Developers of the Villages of Silver Springs, a 697-home planned-unit development, have only one hurdle left to clear before work can begin.
The Lyon County Planning Commission on Tuesday approved the development, and now developer George Peek, of ERGS Inc., must convince the Lyon County Board of Commissioners before work can begin. The commission will consider the project at its meeting May 4.
"We went back and did our homework and worked with the citizens," said Greg Peek, son of George Peek. "We're pretty proud of the whole project."
The original project on 250.28 acres between Topaz and Onyx streets in Silver Springs has been reduced to 244.8 acres with lots of more than 10,000 square feet along the outside of the development, up from 6,000 square feet.

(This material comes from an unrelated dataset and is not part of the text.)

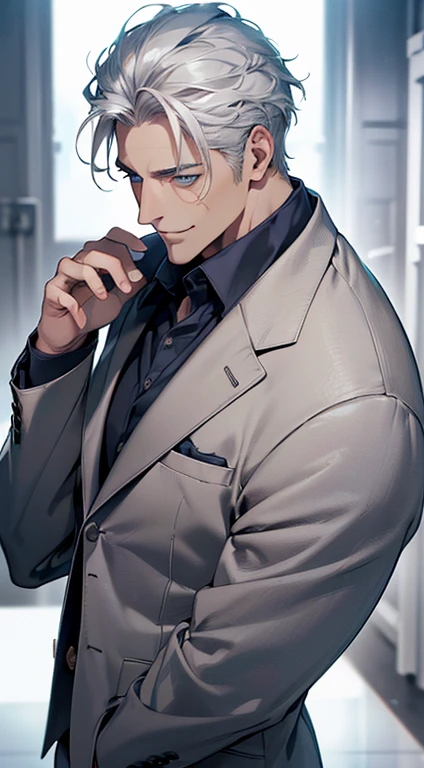 (best quality,8k,photorealistic,cinematic lighting,1:4 hdr image,top view,ultra detailed,beautiful image),(man:1.2),(mature man:1.2),(handsome:1.3),(short grey white hair:1.1),(blue eyes:1.1),(perfect face:1.2),(buttoning his jacket:1.1),(CEO:1.1),(smile in love)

The change means a loss of 1 percent open space, but overall the amount of open space still falls within the required 20 percent, said Rob Loveberg, Lyon County Planning director.
Planner Melissa Lindell, of Wood Rodgers, a Reno-Based engineering firm, said it will be built in phases over seven years.

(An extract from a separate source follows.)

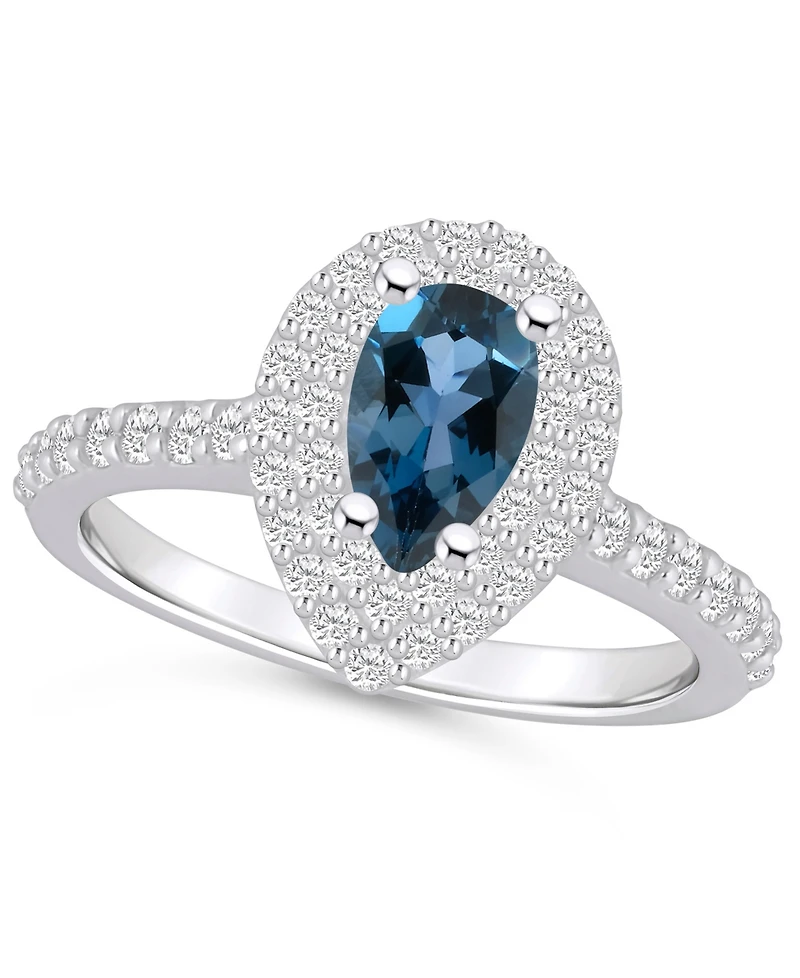 Macy's London Blue Topaz and Diamond Accent Halo Ring 14K White Gold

"We took into account the planning commission's comments and the town board's comments in our redesign," she said.
The developers have added or expanded trails, added two small, "pocket" parks for more quiet enjoyment and a neighborhood "activity park" with barbecues and a children's area.
It also expanded drainage channels that parallel the interconnected trails designed to tie together the various sections of the development.
Lindell noted the planned-use development ordinance allows for unusable lands such as drainage ditches to be considered open space.
"We have the trail system, both paved and unpaved trails with multiple connection points throughout," she said.
She said the project will also include drainage culverts on the west side of Topaz, to avoid sheet-flow drainage from damaging the road.
Houses bordering Topaz Street would be limited to one story, Lindell said.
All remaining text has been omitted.